* **EXERCISE**
Could the entries below be reproduced exactly, with the images removed?

* **Stored data entries**
<<<<
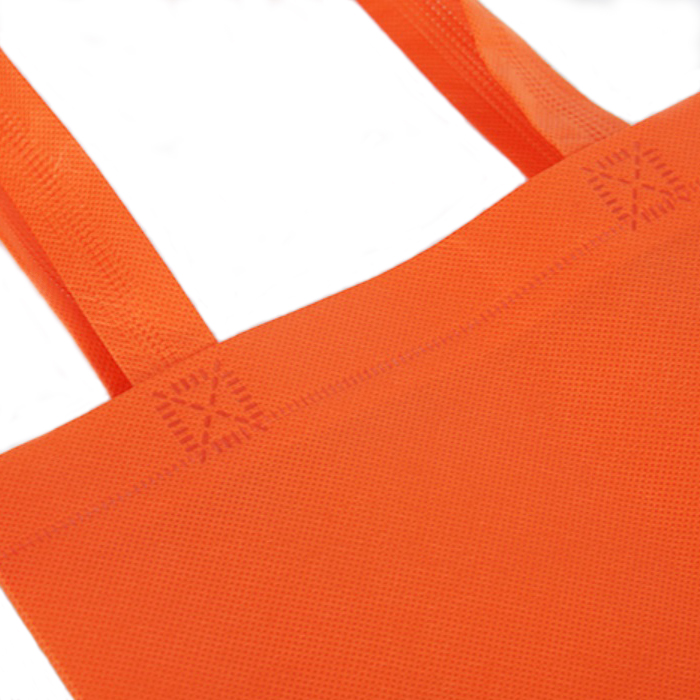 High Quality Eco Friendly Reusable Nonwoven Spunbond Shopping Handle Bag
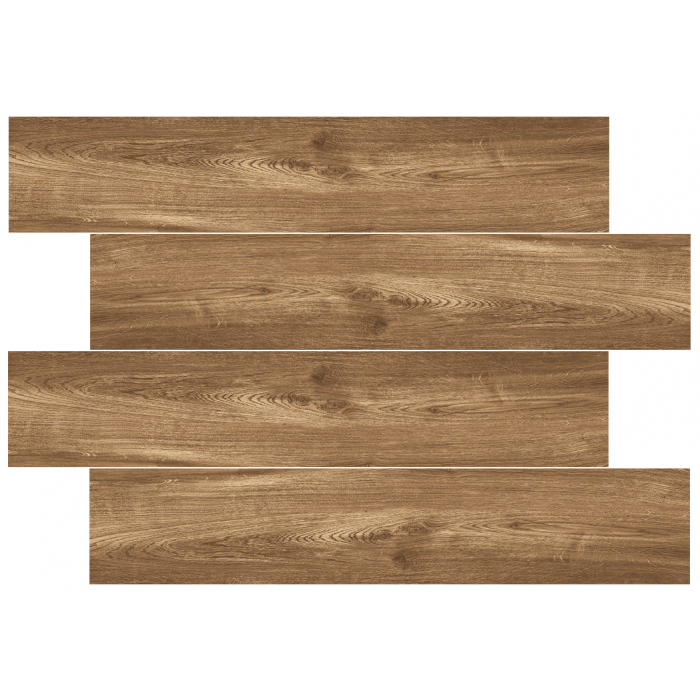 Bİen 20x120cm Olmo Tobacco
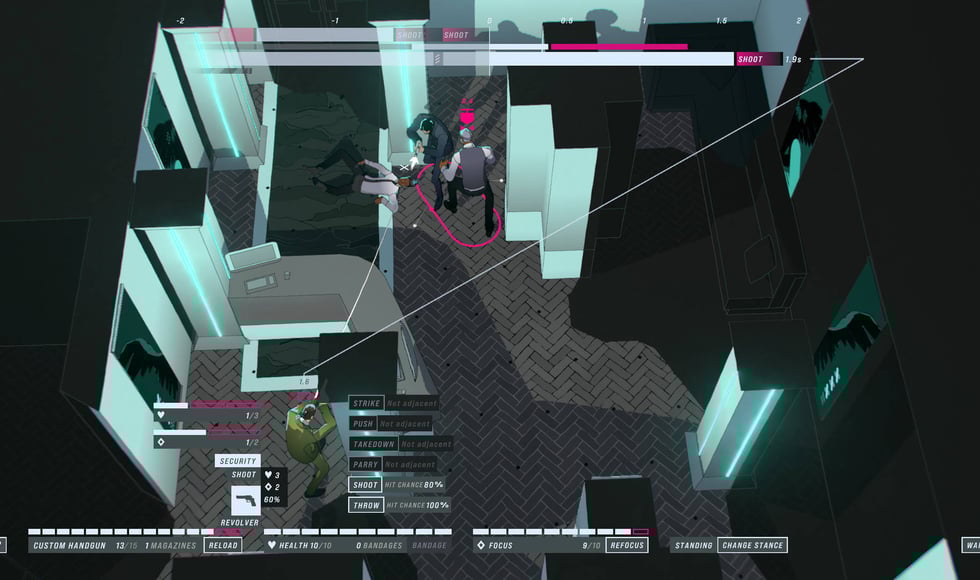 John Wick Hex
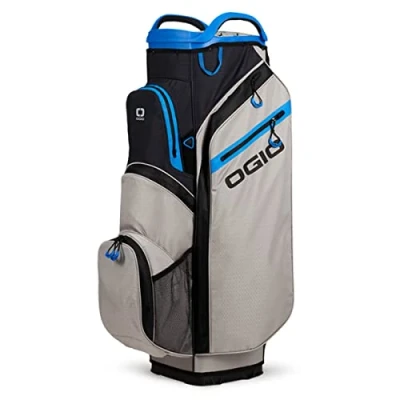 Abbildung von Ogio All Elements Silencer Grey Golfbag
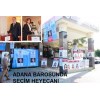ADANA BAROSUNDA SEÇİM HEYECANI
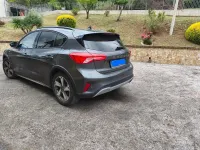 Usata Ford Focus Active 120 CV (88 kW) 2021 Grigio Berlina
>>>>
* **ANSWER FOR THE TASK**
 High Quality Eco Friendly Reusable Nonwoven Spunbond Shopping Handle Bag
 Bİen 20x120cm Olmo Tobacco
 John Wick Hex
 Abbildung von Ogio All Elements Silencer Grey Golfbag
ADANA BAROSUNDA SEÇİM HEYECANI
 Usata Ford Focus Active 120 CV (88 kW) 2021 Grigio Berlina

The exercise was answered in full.